Sola Scriptura: What It Isn’t
The Reformation teaching of Sola Scriptura (Scripture alone) does not mean that the Christian alone reads the Bible alone and interprets it alone. Sola Scriptura does not at all mean we should be Lone Rangers when studying God’s Word.
And historically speaking, we probably shouldn’t use Luther on trial at Worms as an illustration of what Sola Scriptura means unless we give it a fuller contextual explanation. The Diet of Worms wasn’t at all “Luther alone and his Bible alone against the Roman Catholic Church.”
Here’s how Richard Muller describes it.
“…It is…entirely anachronistic to view the sola scriptura of Luther and his contemporaries as a declaration that all of theology ought to be constructed anew, without reference to the church’s tradition of interpretation, by the lonely exegete confronting the naked text.”
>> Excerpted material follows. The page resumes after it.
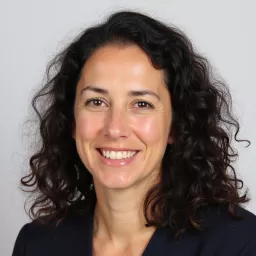 Angelica Fabbri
“It is equally anachronistic to assume that Scripture functioned for the Reformers like a set of numbered facts or propositions suitable for use as ready-made solutions to any and all questions capable of arising in the course of human history. Both the language of sola scriptura and the actual use of the text of scripture by the Reformers can be explained only in terms of the questions of authority and interpretation posed by the developments of the late fifteenth and early sixteenth centuries. Even so, close study of the actual exegetical results of the Reformers manifests strong interpretive and doctrinal continuities with the exegetical results of the [early church] fathers and the medieval doctors.”
Richard Muller, Post Reformation Reformed Dogmatics vol. 2 p. 63-64.